CSL to host interfaith dinner as celebration of major religious holidays

The+Center+for+Spiritual+Life.

Camilo Fonseca

The Center for Spiritual Life.

By Olivia LeDuc, News Editor

To celebrate this week’s major religious holidays, members of the Emerson community are invited to an interfaith dinner on Friday at 7 p.m. in the college’s private dining room. 

The dinner, organized by the Center for Spiritual Life, will bring together students from the three Abrahamic faiths that have overlapping religious observances—the Jewish Passover, the Islamic month of Ramadan, and the Christian Good Friday. Members of Emerson’s Muslim Student Association, Hillel, and Emerson Christian Fellowship will take the occasion to share traditions and foods with their fellow believers. 

“We are very excited to have a night together, celebrating these holidays coming up,” said Amber Hai, the college’s Muslim chaplain. “Sharing these [religious] traditions, having a community moment of eating, and being together with mutual love and compassion” are all anticipations of the dinner. 

Jewish students will be observing the Passover Seder, a ritual feast celebrating the Biblical story of the Israelites’ escape from slavery in Egypt.

Christian and Muslim students will join in and learn more about the Jewish tradition, Hai said, while also observing Good Friday during Holy Week, as well as Iftar, the meal breaking of the Ramadan fast. 

Good Friday, the Friday before Easter Sunday, commemorates the crucifixion of Jesus Christ. Ramadan is the ninth month of the Islamic calendar, during which Muslim followers fast from dawn to sunset as an act of piety and devotion to God. Iftar has been happening every Friday since March 22 when Ramadan started.

“[Muslim students] can come together as community members by breaking our fast by eating and praying together and being in the Emerson community,” she said. 

Brian Inderlie, the college’s Christian chaplain, wrote in an ECF email that the dinner would not only be a chance to share different perspectives “from the lens of our own religious beliefs,” but also to “get to know some really cool people” who share similar religious values—especially on a college campus that is largely secular. 

The dinner will include many of the customary dishes from all three major traditions, Hai said, taking into account the representation of foods of the other multicultural backgrounds students come from. 
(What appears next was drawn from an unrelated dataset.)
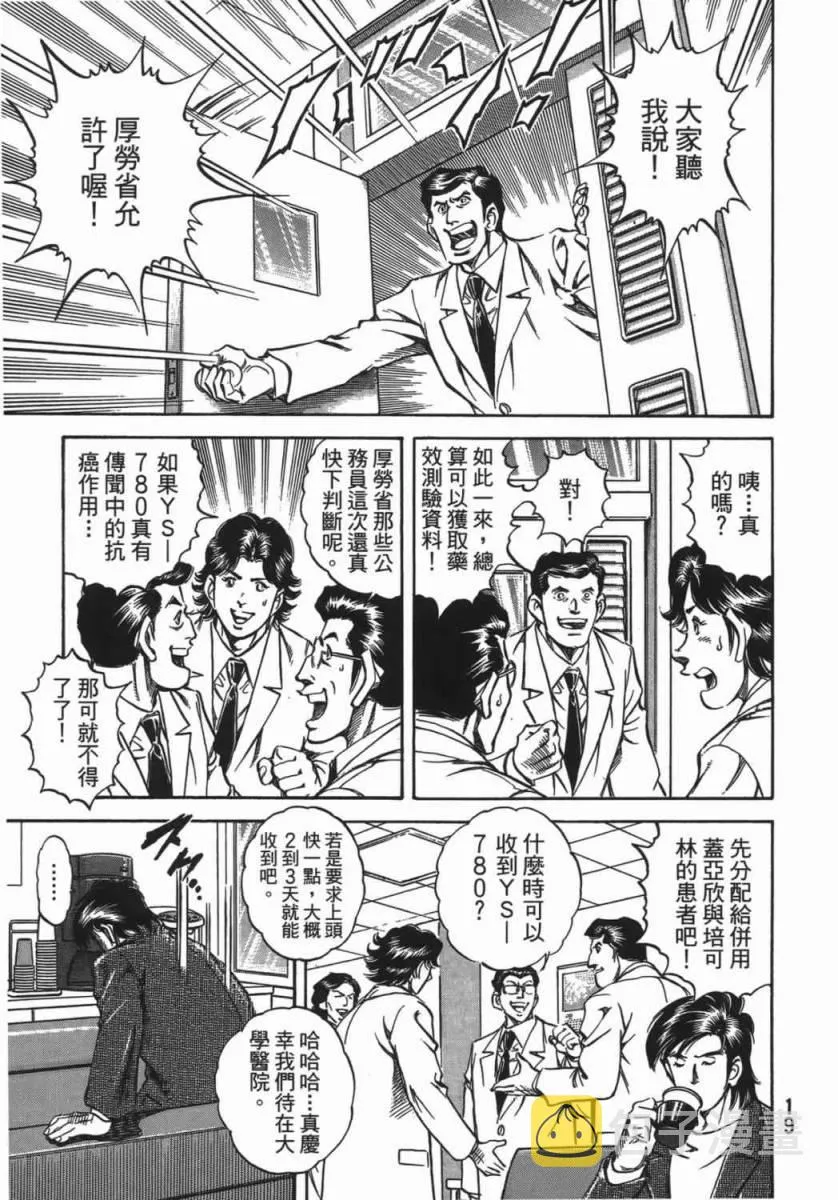 第18卷 第20页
Food will be provided by the Emerson Dining Center with outside catering providing the traditional Kosher foods for the Seder plate. 

“Spirituality is a huge spectrum and is tied to people’s cultural backgrounds, so we want to promote that for students,” Hai said. 
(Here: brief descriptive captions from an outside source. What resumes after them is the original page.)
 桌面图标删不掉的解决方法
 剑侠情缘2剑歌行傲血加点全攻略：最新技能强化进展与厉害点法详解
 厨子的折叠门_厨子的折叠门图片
The dinner will create an inclusive space for all who want to participate in these holidays, Hai said, regardless of their intersectional backgrounds. 

“We are bringing awareness to these holidays that are happening,” she said. “Together in community, [students] can talk about moments of intensity because this is what Emerson is about. We can learn together and be together, as this is a lot of people’s homes.”

Ella Maoz, a sophomore creative writing major and member of Hillel’s social media committee, said the celebration of interfaith religion will serve all members of the Emerson community, even those outside of the college’s religious organizations. 

“It’s a cool thing we are celebrating all of this stuff together,” Maoz said. “It says a lot about solidarity among religious groups at Emerson, which is not a very religious school.”

By organizing the dinner, Hai hopes other celebratory events will be expanded in the future to address all of Emerson’s diverse backgrounds.

“To highlight that there are many rich traditions of all types of spirituality … hopefully we can expand in the future as more Emersonians speak and learn about their own journeys with faith and spirituality,” she said.